- **Records shown**:
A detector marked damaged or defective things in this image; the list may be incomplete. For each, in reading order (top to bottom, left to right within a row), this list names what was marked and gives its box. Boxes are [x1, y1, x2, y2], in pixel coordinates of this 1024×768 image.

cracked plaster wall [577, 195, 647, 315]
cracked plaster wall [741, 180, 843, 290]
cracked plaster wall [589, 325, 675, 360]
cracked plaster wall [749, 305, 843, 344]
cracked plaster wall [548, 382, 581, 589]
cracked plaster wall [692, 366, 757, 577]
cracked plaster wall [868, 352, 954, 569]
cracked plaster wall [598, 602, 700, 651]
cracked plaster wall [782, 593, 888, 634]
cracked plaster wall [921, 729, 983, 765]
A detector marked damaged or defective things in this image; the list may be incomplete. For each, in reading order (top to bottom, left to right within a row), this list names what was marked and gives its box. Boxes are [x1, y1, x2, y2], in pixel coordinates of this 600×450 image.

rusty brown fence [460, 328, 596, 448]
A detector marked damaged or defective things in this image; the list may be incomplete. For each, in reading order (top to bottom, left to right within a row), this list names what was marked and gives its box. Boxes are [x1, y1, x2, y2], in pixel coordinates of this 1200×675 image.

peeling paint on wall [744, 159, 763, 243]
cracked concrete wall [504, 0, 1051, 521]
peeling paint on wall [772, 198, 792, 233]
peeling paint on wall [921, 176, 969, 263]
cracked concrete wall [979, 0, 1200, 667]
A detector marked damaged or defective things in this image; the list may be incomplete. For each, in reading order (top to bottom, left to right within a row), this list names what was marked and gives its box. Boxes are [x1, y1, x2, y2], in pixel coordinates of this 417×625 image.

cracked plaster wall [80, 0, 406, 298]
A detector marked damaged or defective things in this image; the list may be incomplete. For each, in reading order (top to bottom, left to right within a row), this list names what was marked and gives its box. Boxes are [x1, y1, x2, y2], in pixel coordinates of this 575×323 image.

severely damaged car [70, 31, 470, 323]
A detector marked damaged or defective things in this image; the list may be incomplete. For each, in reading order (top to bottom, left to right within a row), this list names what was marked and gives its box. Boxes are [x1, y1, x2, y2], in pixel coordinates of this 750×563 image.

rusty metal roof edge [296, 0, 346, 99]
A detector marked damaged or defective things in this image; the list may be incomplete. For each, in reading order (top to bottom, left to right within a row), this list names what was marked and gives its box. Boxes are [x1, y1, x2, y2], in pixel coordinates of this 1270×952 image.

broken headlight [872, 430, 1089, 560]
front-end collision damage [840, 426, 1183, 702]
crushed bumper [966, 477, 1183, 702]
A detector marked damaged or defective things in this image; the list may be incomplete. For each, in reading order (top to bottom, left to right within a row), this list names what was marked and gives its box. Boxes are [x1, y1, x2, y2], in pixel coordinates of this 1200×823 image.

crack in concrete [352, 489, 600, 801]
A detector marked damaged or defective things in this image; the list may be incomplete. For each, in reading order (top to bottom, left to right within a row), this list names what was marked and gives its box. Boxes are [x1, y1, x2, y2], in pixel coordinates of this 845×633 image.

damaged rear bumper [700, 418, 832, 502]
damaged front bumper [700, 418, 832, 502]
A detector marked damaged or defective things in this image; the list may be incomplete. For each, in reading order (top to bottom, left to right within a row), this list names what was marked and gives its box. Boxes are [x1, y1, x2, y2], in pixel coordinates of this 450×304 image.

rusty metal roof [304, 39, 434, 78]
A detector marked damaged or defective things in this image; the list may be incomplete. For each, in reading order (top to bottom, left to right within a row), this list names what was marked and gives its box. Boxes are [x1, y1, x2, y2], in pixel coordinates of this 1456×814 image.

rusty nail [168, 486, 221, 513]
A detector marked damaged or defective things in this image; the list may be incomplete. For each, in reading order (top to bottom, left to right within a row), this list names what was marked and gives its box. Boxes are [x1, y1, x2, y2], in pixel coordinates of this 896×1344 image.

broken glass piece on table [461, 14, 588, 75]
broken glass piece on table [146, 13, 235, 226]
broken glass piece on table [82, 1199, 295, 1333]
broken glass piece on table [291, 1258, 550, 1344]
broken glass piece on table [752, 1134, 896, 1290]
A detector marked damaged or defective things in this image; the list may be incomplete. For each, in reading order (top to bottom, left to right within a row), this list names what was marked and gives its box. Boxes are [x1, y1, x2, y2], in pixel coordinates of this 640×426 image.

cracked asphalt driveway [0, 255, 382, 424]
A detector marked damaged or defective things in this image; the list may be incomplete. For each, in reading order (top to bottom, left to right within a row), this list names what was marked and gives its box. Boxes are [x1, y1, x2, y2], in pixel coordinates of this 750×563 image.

- **What is required**:
The material is to be output in full, exactly as it stands.

- **Task response**:
A detector marked damaged or defective things in this image; the list may be incomplete. For each, in reading order (top to bottom, left to right within a row), this list names what was marked and gives its box. Boxes are [x1, y1, x2, y2], in pixel coordinates of this 1024×768 image.

cracked plaster wall [577, 195, 647, 315]
cracked plaster wall [741, 180, 843, 290]
cracked plaster wall [589, 325, 675, 360]
cracked plaster wall [749, 305, 843, 344]
cracked plaster wall [548, 382, 581, 589]
cracked plaster wall [692, 366, 757, 577]
cracked plaster wall [868, 352, 954, 569]
cracked plaster wall [598, 602, 700, 651]
cracked plaster wall [782, 593, 888, 634]
cracked plaster wall [921, 729, 983, 765]
A detector marked damaged or defective things in this image; the list may be incomplete. For each, in reading order (top to bottom, left to right within a row), this list names what was marked and gives its box. Boxes are [x1, y1, x2, y2], in pixel coordinates of this 600×450 image.

rusty brown fence [460, 328, 596, 448]
A detector marked damaged or defective things in this image; the list may be incomplete. For each, in reading order (top to bottom, left to right within a row), this list names what was marked and gives its box. Boxes are [x1, y1, x2, y2], in pixel coordinates of this 1200×675 image.

peeling paint on wall [744, 159, 763, 243]
cracked concrete wall [504, 0, 1051, 521]
peeling paint on wall [772, 198, 792, 233]
peeling paint on wall [921, 176, 969, 263]
cracked concrete wall [979, 0, 1200, 667]
A detector marked damaged or defective things in this image; the list may be incomplete. For each, in reading order (top to bottom, left to right within a row), this list names what was marked and gives its box. Boxes are [x1, y1, x2, y2], in pixel coordinates of this 417×625 image.

cracked plaster wall [80, 0, 406, 298]
A detector marked damaged or defective things in this image; the list may be incomplete. For each, in reading order (top to bottom, left to right within a row), this list names what was marked and gives its box. Boxes are [x1, y1, x2, y2], in pixel coordinates of this 575×323 image.

severely damaged car [70, 31, 470, 323]
A detector marked damaged or defective things in this image; the list may be incomplete. For each, in reading order (top to bottom, left to right within a row), this list names what was marked and gives its box. Boxes are [x1, y1, x2, y2], in pixel coordinates of this 750×563 image.

rusty metal roof edge [296, 0, 346, 99]
A detector marked damaged or defective things in this image; the list may be incomplete. For each, in reading order (top to bottom, left to right within a row), this list names what was marked and gives its box. Boxes are [x1, y1, x2, y2], in pixel coordinates of this 1270×952 image.

broken headlight [872, 430, 1089, 560]
front-end collision damage [840, 426, 1183, 702]
crushed bumper [966, 477, 1183, 702]
A detector marked damaged or defective things in this image; the list may be incomplete. For each, in reading order (top to bottom, left to right within a row), this list names what was marked and gives its box. Boxes are [x1, y1, x2, y2], in pixel coordinates of this 1200×823 image.

crack in concrete [352, 489, 600, 801]
A detector marked damaged or defective things in this image; the list may be incomplete. For each, in reading order (top to bottom, left to right within a row), this list names what was marked and gives its box. Boxes are [x1, y1, x2, y2], in pixel coordinates of this 845×633 image.

damaged rear bumper [700, 418, 832, 502]
damaged front bumper [700, 418, 832, 502]
A detector marked damaged or defective things in this image; the list may be incomplete. For each, in reading order (top to bottom, left to right within a row), this list names what was marked and gives its box. Boxes are [x1, y1, x2, y2], in pixel coordinates of this 450×304 image.

rusty metal roof [304, 39, 434, 78]
A detector marked damaged or defective things in this image; the list may be incomplete. For each, in reading order (top to bottom, left to right within a row), this list names what was marked and gives its box. Boxes are [x1, y1, x2, y2], in pixel coordinates of this 1456×814 image.

rusty nail [168, 486, 221, 513]
A detector marked damaged or defective things in this image; the list may be incomplete. For each, in reading order (top to bottom, left to right within a row), this list names what was marked and gives its box. Boxes are [x1, y1, x2, y2], in pixel coordinates of this 896×1344 image.

broken glass piece on table [461, 14, 588, 75]
broken glass piece on table [146, 13, 235, 226]
broken glass piece on table [82, 1199, 295, 1333]
broken glass piece on table [291, 1258, 550, 1344]
broken glass piece on table [752, 1134, 896, 1290]
A detector marked damaged or defective things in this image; the list may be incomplete. For each, in reading order (top to bottom, left to right within a row), this list names what was marked and gives its box. Boxes are [x1, y1, x2, y2], in pixel coordinates of this 640×426 image.

cracked asphalt driveway [0, 255, 382, 424]
A detector marked damaged or defective things in this image; the list may be incomplete. For each, in reading order (top to bottom, left to right within a row), this list names what was marked and gives its box. Boxes are [x1, y1, x2, y2], in pixel coordinates of this 750×563 image.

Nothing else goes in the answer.